5. Data Flow¶
5.2. WHG-Contributed Dataset Ingestion¶
Scholarly datasets contributed by WHG users follow a similar staged workflow, but with on-the-fly embedding generation due to smaller volumes.
5.2.1. Pipeline¶
1. Export dataset from WHG Django/PostgreSQL
↓
2. Convert to canonical JSON format
- Same schema as authority ingestion
- Preserve dataset provenance and attribution
↓
3. Extract unique toponyms from dataset
- Deduplicate by name@lang key
- Check which toponyms already exist in index
↓
4. For each new unique toponym:
- Generate embedding via Siamese BiLSTM model
↓
5. Index places and new toponyms to staging or production
↓
6. Validate dataset integrity
↓
7. Create snapshot (if staging on Slurm worker)
↓
8. Restore to production / switch aliases
5.2.2. Rationale for Flexible Staging¶
WHG-contributed datasets are much smaller (~200k places) and arrive incrementally. Depending on volume:
Small batches: Can be indexed directly on the VM during low-usage periods
Larger contributions: Use Slurm staging to avoid production impact
New toponyms from contributions are checked against the existing toponyms index; only genuinely new name@lang combinations require embedding generation.
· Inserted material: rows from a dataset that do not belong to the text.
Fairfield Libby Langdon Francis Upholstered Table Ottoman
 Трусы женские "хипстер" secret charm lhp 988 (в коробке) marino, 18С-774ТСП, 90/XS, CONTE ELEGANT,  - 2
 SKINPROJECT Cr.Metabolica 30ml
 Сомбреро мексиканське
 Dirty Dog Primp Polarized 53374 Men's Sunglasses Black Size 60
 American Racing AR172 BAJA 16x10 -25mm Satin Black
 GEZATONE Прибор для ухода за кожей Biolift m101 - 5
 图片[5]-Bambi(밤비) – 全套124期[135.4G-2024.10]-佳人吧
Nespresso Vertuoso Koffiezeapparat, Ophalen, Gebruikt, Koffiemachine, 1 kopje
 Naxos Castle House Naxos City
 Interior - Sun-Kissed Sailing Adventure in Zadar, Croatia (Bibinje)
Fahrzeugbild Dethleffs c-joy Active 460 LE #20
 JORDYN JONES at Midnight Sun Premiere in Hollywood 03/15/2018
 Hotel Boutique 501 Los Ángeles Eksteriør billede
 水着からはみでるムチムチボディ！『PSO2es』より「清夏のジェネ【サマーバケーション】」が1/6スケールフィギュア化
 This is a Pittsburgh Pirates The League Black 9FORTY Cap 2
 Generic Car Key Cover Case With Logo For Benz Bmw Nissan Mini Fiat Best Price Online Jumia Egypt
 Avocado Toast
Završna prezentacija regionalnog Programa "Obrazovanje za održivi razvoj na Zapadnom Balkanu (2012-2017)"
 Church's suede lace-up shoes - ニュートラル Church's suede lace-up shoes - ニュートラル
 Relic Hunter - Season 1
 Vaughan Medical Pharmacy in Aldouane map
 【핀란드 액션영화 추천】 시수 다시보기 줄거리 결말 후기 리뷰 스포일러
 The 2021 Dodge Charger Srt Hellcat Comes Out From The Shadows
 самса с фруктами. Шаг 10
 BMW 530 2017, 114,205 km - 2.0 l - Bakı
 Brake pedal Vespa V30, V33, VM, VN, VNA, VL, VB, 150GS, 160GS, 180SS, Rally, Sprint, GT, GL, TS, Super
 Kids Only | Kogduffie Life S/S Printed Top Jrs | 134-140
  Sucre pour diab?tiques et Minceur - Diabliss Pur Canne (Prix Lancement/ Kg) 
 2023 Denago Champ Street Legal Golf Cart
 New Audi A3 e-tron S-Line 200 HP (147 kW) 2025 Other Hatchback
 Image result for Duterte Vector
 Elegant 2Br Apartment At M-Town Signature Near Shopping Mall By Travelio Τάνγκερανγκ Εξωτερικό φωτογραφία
5.3. Embedding Generation¶
Siamese BiLSTM embeddings are generated for unique toponyms only, prior to snapshot transfer.
5.3.2. Incremental Generation (WHG Contributions)¶
Run during ingestion for new unique toponyms only:
# Check which toponyms are genuinely new
new_toponyms = [t for t in dataset_toponyms
if not toponym_exists(es_client, t['toponym_id'])]
# Generate embeddings only for new toponyms
for toponym in new_toponyms:
embedding = siamese_bilstm_model.embed(toponym['name'])
toponym['embedding_bilstm'] = embedding
index_toponym(es_client, toponym)
This deduplication means a contribution of 10,000 places might only require embedding generation for a few hundred genuinely new name@lang combinations.
The same trained Siamese BiLSTM model is deployed to both staging (Slurm worker) and production (VM), ensuring consistent embeddings across the corpus.
5.4. Incremental Updates¶
For new dataset ingestion after initial population:
Ingest new places/toponyms to versioned indices
Generate embeddings for new unique toponyms only
Merge with existing data or create new index version
Switch aliases when ready
Quarterly full re-embedding ensures consistency across the corpus as the model improves.